-- Opening Marker --

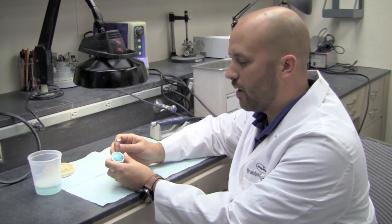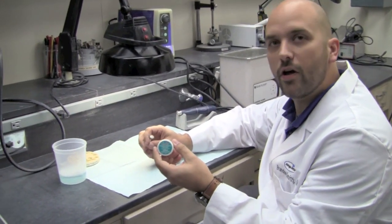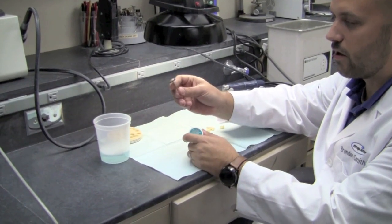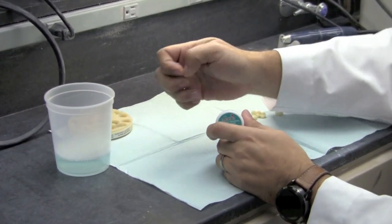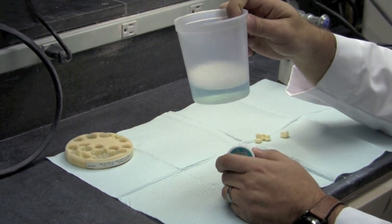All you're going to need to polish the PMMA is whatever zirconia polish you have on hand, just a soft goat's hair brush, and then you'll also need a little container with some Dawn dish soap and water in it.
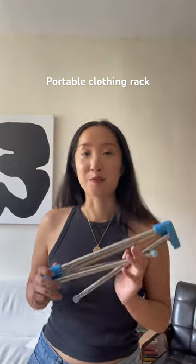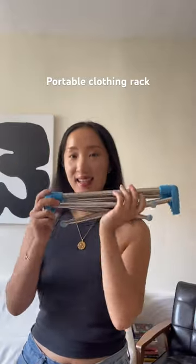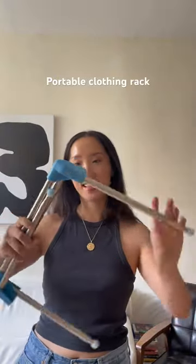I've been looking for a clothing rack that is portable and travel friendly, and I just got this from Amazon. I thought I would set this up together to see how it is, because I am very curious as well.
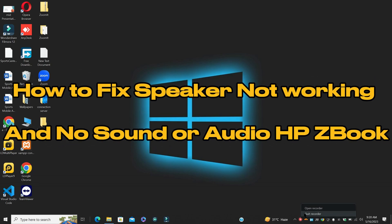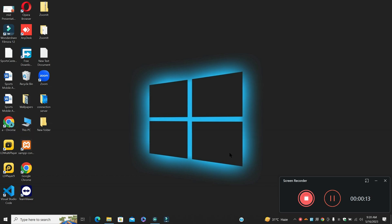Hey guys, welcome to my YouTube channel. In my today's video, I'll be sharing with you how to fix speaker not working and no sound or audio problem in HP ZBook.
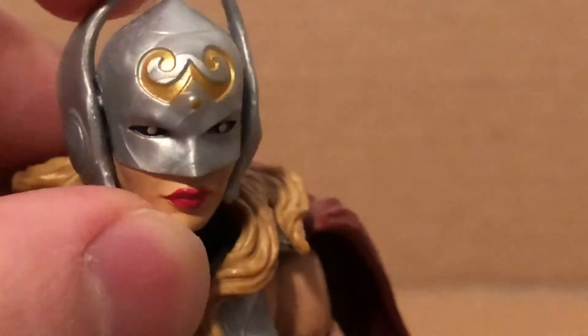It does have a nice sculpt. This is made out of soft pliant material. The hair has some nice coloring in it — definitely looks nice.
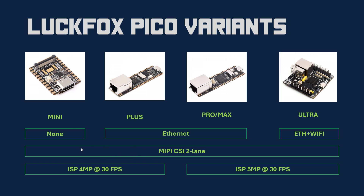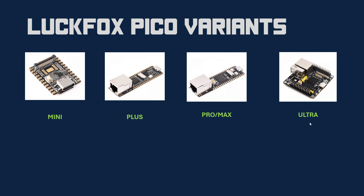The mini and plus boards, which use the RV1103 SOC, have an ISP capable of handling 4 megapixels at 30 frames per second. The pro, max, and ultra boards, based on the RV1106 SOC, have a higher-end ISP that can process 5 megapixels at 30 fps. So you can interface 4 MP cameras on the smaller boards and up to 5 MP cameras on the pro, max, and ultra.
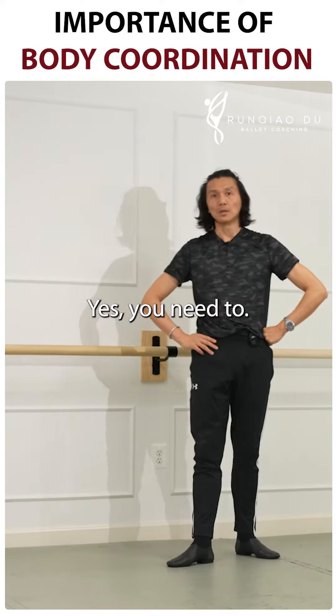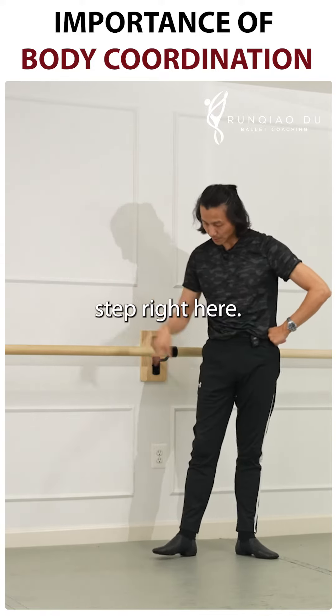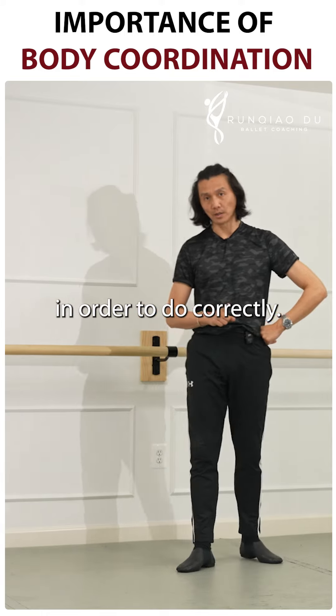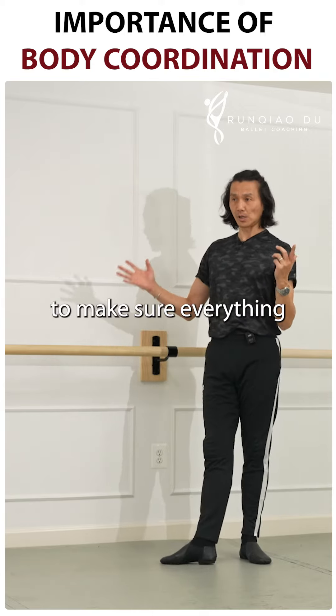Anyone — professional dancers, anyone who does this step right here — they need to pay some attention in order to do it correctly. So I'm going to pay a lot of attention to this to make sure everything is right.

-- Closing Marker --

Task description »
All lines from the one containing "It does have" through the end of the data are to be written out exactly, with nothing added; skip the pictures.

Exercise answer »
It does have a nice sculpt. This is made out of soft pliant material. The hair has some nice coloring in it — definitely looks nice.
The mini and plus boards, which use the RV1103 SOC, have an ISP capable of handling 4 megapixels at 30 frames per second. The pro, max, and ultra boards, based on the RV1106 SOC, have a higher-end ISP that can process 5 megapixels at 30 fps. So you can interface 4 MP cameras on the smaller boards and up to 5 MP cameras on the pro, max, and ultra.
Anyone — professional dancers, anyone who does this step right here — they need to pay some attention in order to do it correctly. So I'm going to pay a lot of attention to this to make sure everything is right.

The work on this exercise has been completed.